**About this exercise:** Repeat what the lines below say, word for word, and skip every image.

**Exercise data:**

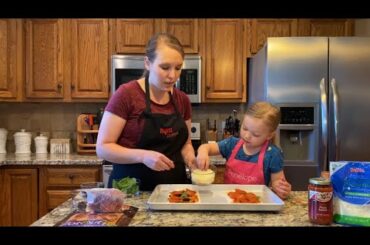 Quick & Easy Healthy Grilled Pizza How-To | Substitute Teacher, HSTV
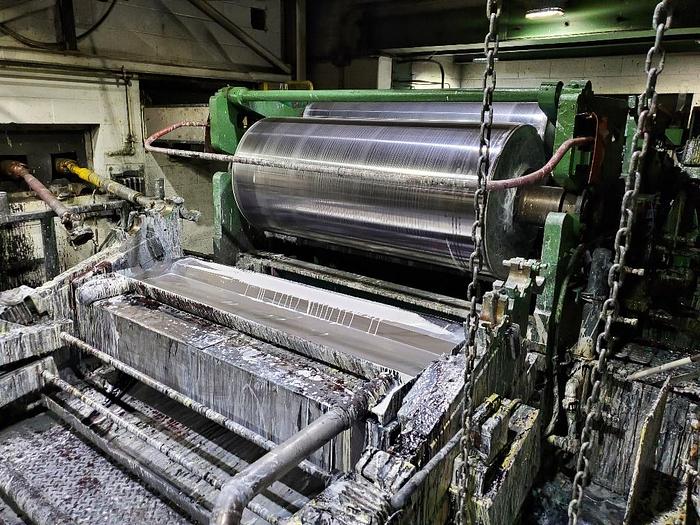 Used 64" (1625 mm) Double Coat Paint Line (Used)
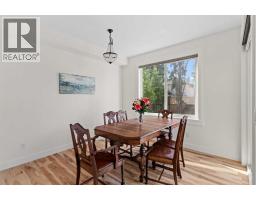 Kitchen - 136 Douglas Ridge Green Se, Calgary, AB T2Z2T3 Photo 15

**Your solution:**
 Quick & Easy Healthy Grilled Pizza How-To | Substitute Teacher, HSTV
 Used 64" (1625 mm) Double Coat Paint Line (Used)
 Kitchen - 136 Douglas Ridge Green Se, Calgary, AB T2Z2T3 Photo 15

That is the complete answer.